122 minutes, opens on Thursday

4 stars

The story: A honeymooning couple are on a South-east Asian island when the husband (Zhu Yilong) wakes up in the hotel next to a beautiful stranger (Janice Man) claiming to be his wife (Huang Ziqi). She is not, because he was just at the local police station to report his wife missing.

Produced and scripted by Chen Sicheng, creator of the popular Detective Chinatown comedy-mystery series (2015 to 2021), the outlandishly entertaining suspense drama Lost In The Stars has grossed US$482 million (S$641 million) and counting to be China’s mega-hit of the summer.

The vanishing-tourist yarn is a slick remake of the 1990 Soviet mystery Trap For A Lonely Man, based on a French stage play of the same title by Robert Thomas that has been filmed for American television thrice, between 1969 and 1990.
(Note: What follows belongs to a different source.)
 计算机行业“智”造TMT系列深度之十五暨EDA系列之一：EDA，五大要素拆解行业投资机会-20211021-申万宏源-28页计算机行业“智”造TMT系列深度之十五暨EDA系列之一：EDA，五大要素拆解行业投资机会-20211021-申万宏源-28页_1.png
Master of suspense Alfred Hitchcock once optioned the rights.

And it is nothing if not Hitchcockian with its doppelganger and femme fatale.

Hong Kong star Man is dangerously slinky in the imposter role. How is it that the woman’s sham identity as the wife is corroborated by photo identification, the hotel staff and even the police inspector (Du Jiang)?
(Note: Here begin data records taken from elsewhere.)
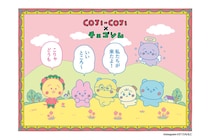 日韓の 《人気キャラ》 が再コラボ…♪　コジコジ ＆ チェゴシム、ふたつの世界観がかわいいポップアップ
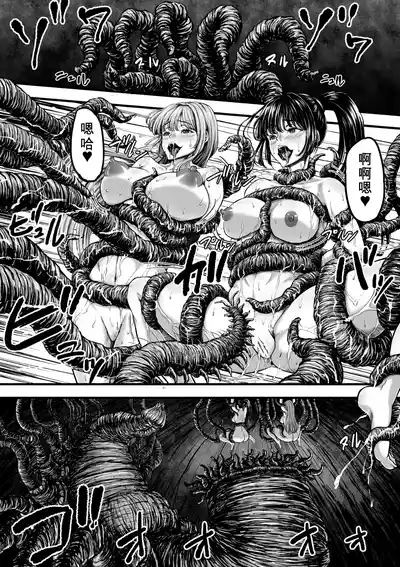 第11頁 封面 - HaSM.cc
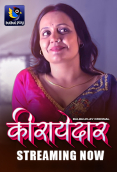 Kiraayedaar (E01-E02) BulbulPlay Hot Web Series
Zhu plays the panicky husband, a diving instructor, racing against time to find his spouse before his visitor visa expires. Ni Ni is all street smarts as the lawyer helping him navigate what seems to be a vast conspiracy.

They are a troika of terrific performances.
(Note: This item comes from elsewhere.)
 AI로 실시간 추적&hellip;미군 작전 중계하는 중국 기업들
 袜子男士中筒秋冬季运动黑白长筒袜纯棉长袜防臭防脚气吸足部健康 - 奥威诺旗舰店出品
The picturesque beach resort throws into sharp relief their dark findings, which include subtext from directors Cui Rui and Liu Xiang on China’s wealth disparity.

The twists and turns come so fast and are so wild, the husband will be left questioning his own sanity.

Hot take: Suspend disbelief and surrender to the dizzying puzzle. It is a thrill ride.

They Cloned Tyrone (M18)

122 minutes, available on Netflix

4 stars

(From left) John Boyega, Teyonah Parris and Jamie Foxx in They Cloned Tyrone.

PHOTO: NETFLIX

The story: How could drug dealer Fontaine (John Boyega) be gunned down by a rival in a carpark, then wake up the following morning with no bullet holes nor any memory of his murder?

They Cloned Tyrone is a satire on America’s race relations that is at once laugh-out-loud madcap and trenchantly political.

The Netflix sci-fi comedy pays homage to the profane blaxploitation pictures that were cranked out in the 1970s predominantly by and for black Americans.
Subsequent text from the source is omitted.